Department of Neurological Surgery (R.M.S.), University of Virginia School of Medicine, Charlottesville, Virginia.
AJNR Am J Neuroradiol. 2016 May;37(5):849-55. doi: 10.3174/ajnr.A4613. Epub 2015 Nov 26.
The use of the Pipeline Embolization Device in the management of recurrent previously stented cerebral aneurysms is controversial. The aim of this study was to evaluate the efficacy and safety of the Pipeline Embolization Device in the treatment of recurrent, previously stented aneurysms.
Twenty-one patients with previously stented recurrent aneurysms who later underwent Pipeline Embolization Device placement (group 1) were retrospectively identified and compared with 63 patients who had treatment with the Pipeline Embolization Device with no prior stent placement (group 2). Occlusion at the latest follow-up angiogram, recurrence and retreatment rates, clinical outcome, complications, and morbidity and mortality observed after treatment with the Pipeline Embolization Device were analyzed.
Patient characteristics were similar between the 2 groups. The mean time from stent placement to recurrence was 25 months.
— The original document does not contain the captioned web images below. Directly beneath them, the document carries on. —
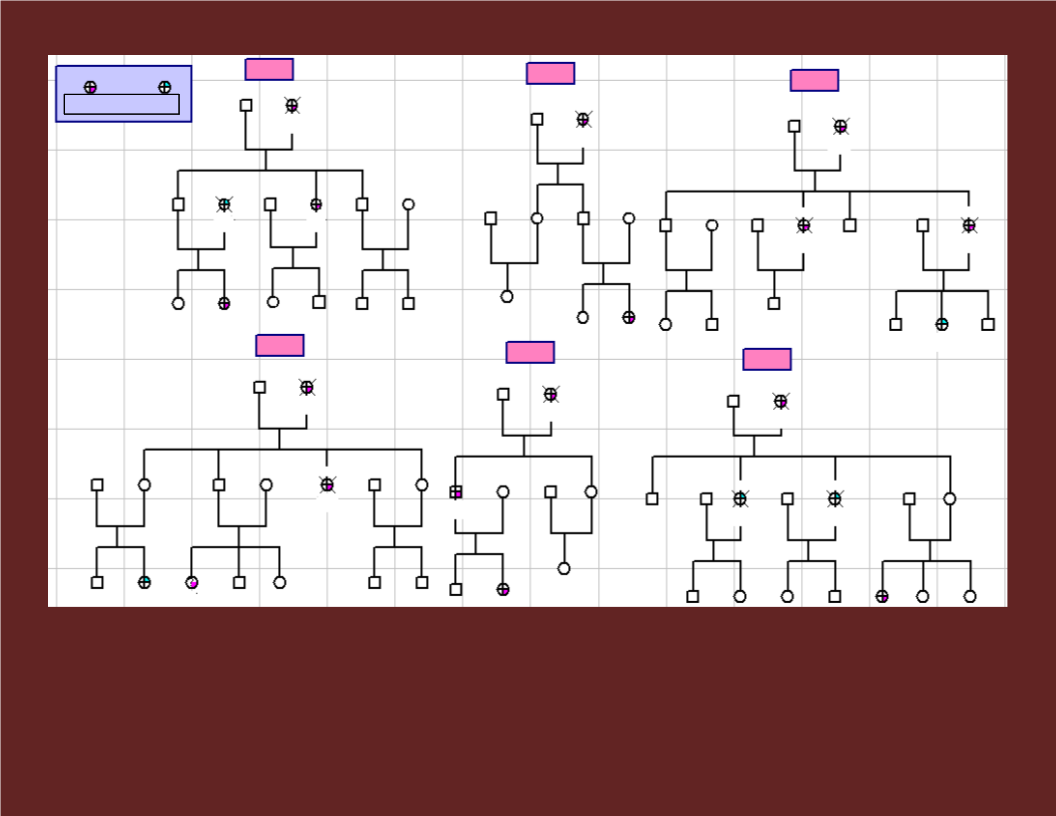 Create Professional Genograms With Our Templates - Download Now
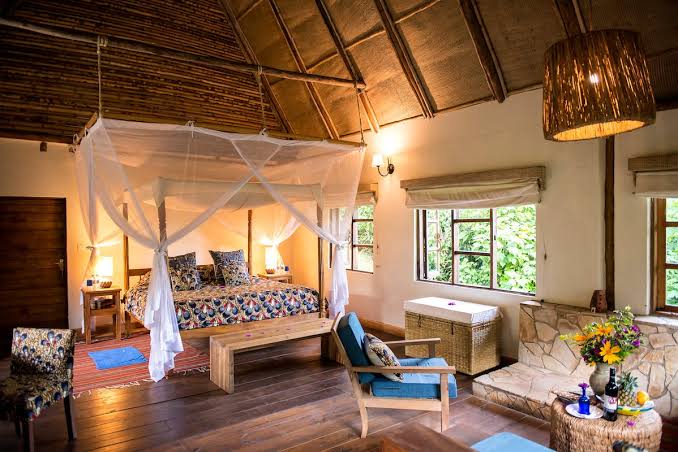 Elegant eco-suite interior at a top-tier lodge during a luxury safari in Uganda.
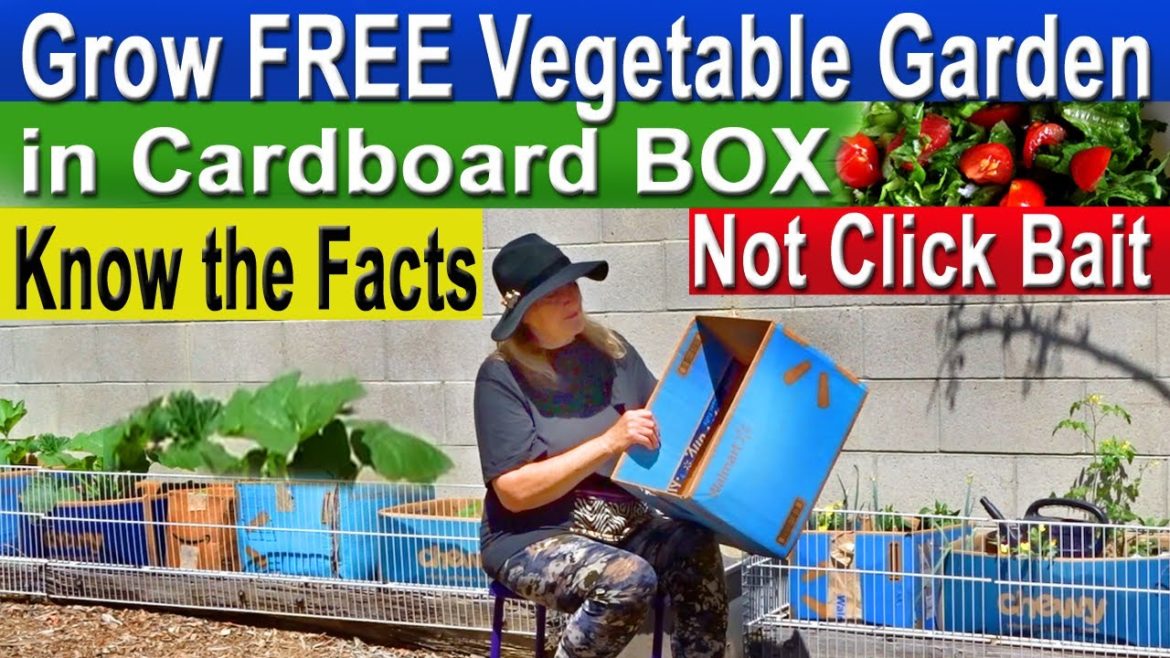EASY Cardboard Box Garden FREE Vegetable Container Gardening Growing Food Compost In Place Make Soil
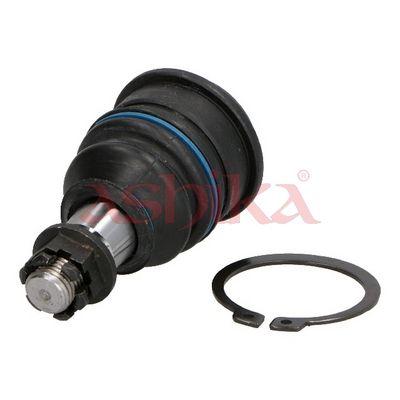 Trag-/Führungsgelenk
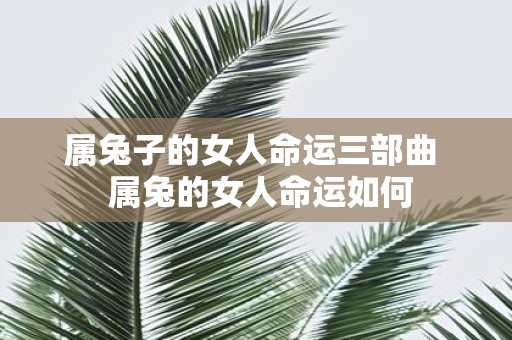 属兔子的女人命运三部曲 属兔的女人命运如何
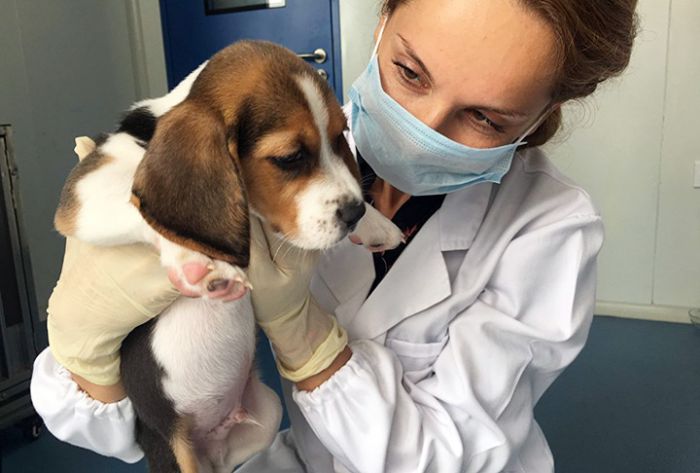 Карантин по бешенству животных отменили в Сергиево‑Посадском районе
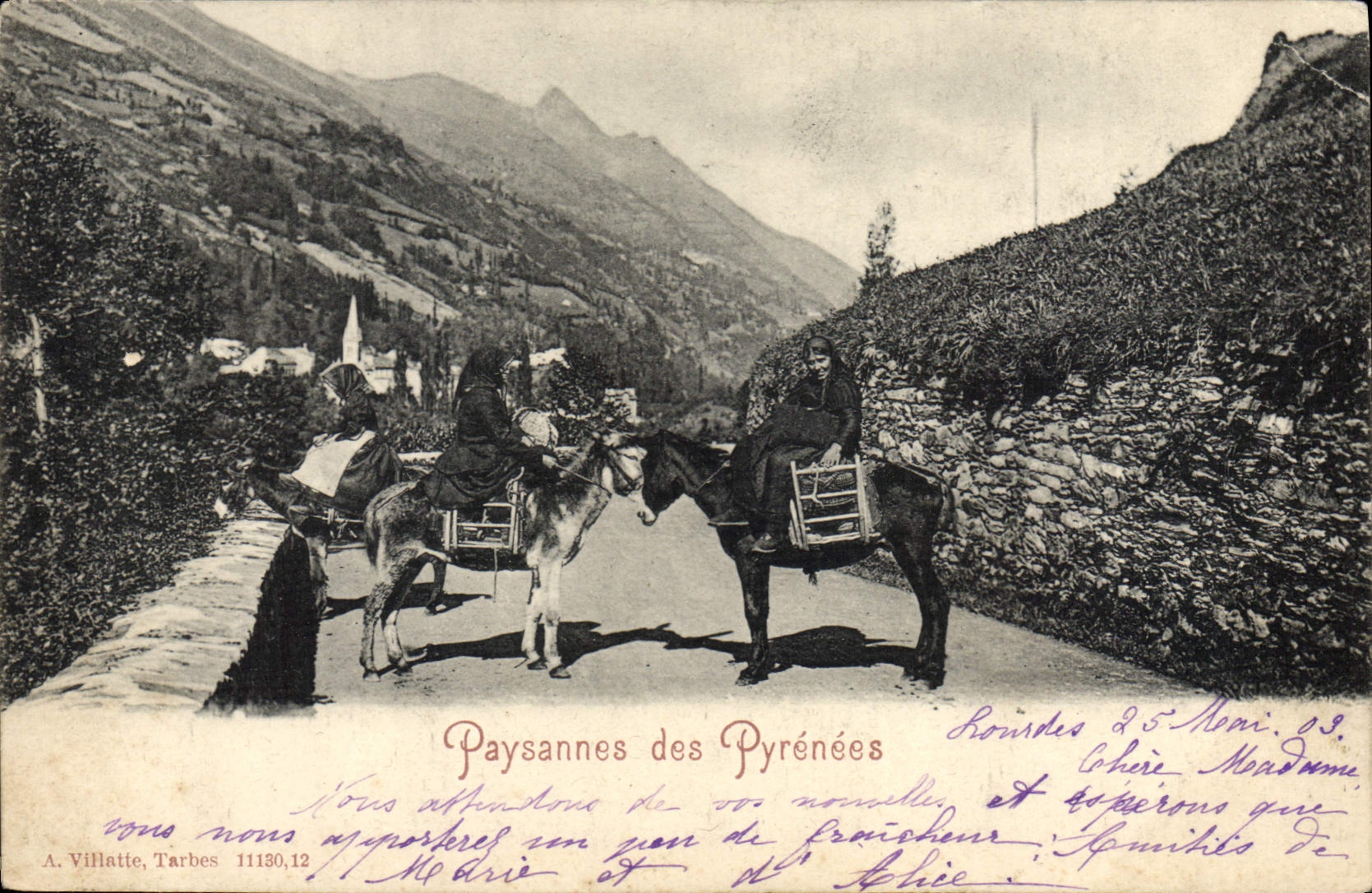 VINTAGE POSTCARD Ass Mule Country-women of the Pyrenees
Pipeline Embolization Device treatment resulted in complete aneurysm occlusion in 55.6% of patients in group 1 versus 80.4% of patients in group 2 (P = .036). The retreatment rate in group 1 was 11.1% versus 7.1% in group 2 (P = .62). The rate of good clinical outcome at the latest follow-up in group 1 was 81% versus 93.2% in group 2 (P = .1). Complications were observed in 14.3% of patients in group 1 and 9.5% of patients in group 2 (P = .684).
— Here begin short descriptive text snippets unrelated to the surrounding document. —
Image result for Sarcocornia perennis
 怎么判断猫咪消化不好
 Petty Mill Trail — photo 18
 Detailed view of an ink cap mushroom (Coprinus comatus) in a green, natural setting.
The use of the Pipeline Embolization Device in the management of previously stented aneurysms is less effective than the use of this device in nonstented aneurysms. Prior stent placement can worsen the safety and efficacy profile of this device.
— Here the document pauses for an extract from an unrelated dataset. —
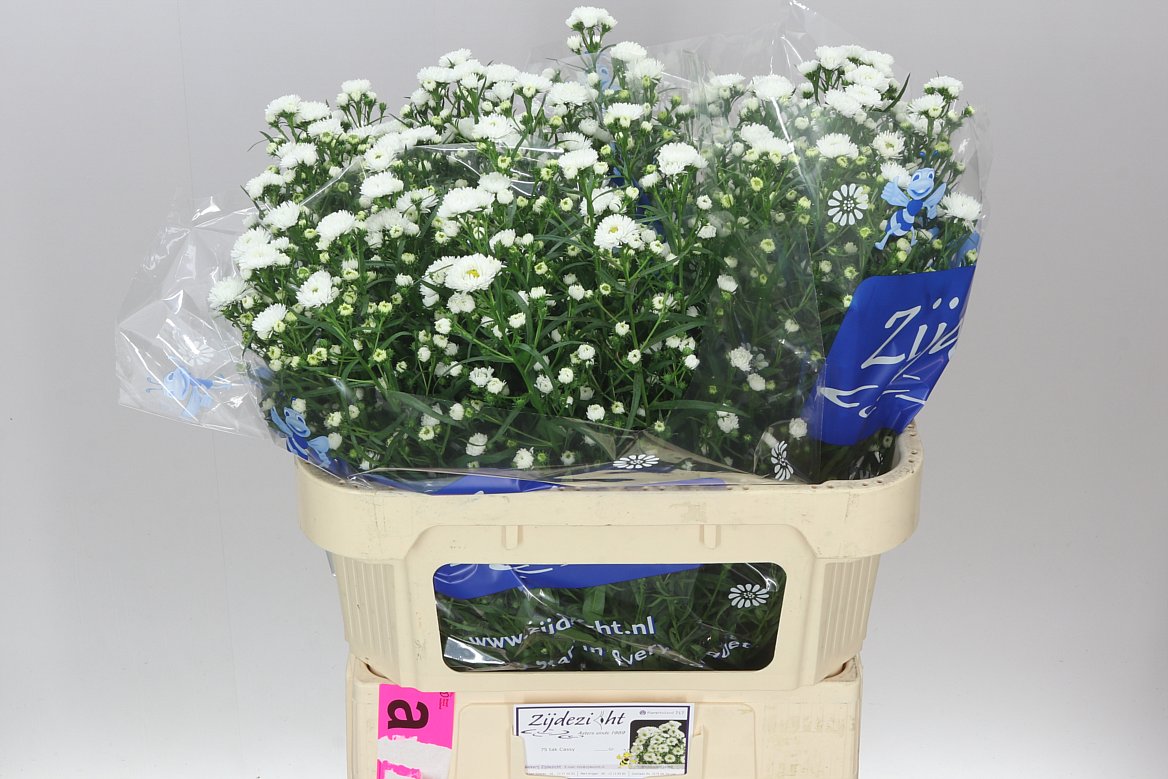 Aster Cassy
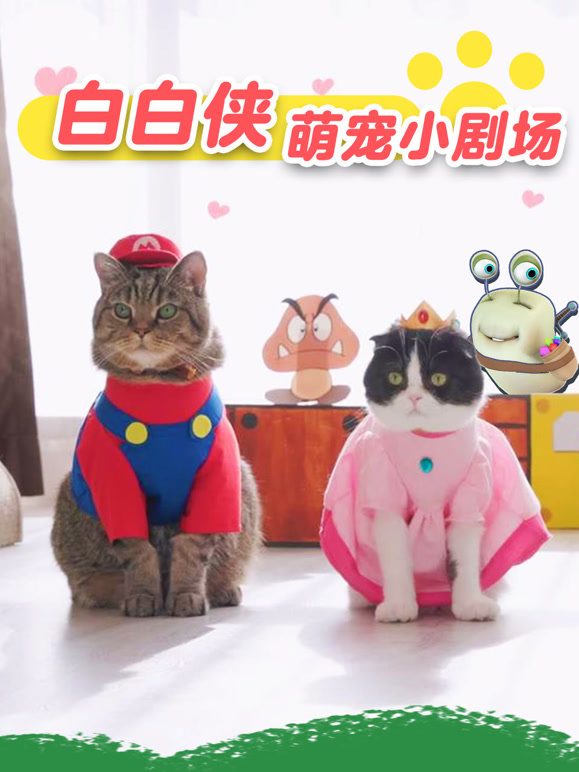 白白侠萌宠小剧场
管道栓塞装置用于复发性、先前已植入支架的脑动脉瘤治疗存在争议。本研究旨在评估管道栓塞装置治疗复发性、先前已植入支架的动脉瘤的疗效和安全性。
回顾性纳入21例先前已植入支架的复发性动脉瘤患者,这些患者随后接受了管道栓塞装置置入(第1组),并与63例未预先植入支架而接受管道栓塞装置治疗的患者(第2组)进行比较。分析了在最近一次随访血管造影时的闭塞情况、复发率和再治疗率、临床结局、并发症以及管道栓塞装置治疗后观察到的发病率和死亡率。
两组患者的特征相似。从支架置入到复发的平均时间为25个月。管道栓塞装置治疗使第1组55.6%的患者动脉瘤完全闭塞,而第2组为80.4%(P = 0.036)。第1组的再治疗率为11.1%,第2组为7.1%(P = 0.62)。第1组在最近一次随访时良好临床结局的比例为81%,第2组为93.2%(P = 0.1)。第1组14.3%的患者和第2组9.5%的患者出现并发症(P = 0.684)。
管道栓塞装置用于先前已植入支架的动脉瘤治疗,其效果不如用于未植入支架的动脉瘤。先前植入支架会使该装置的安全性和疗效降低。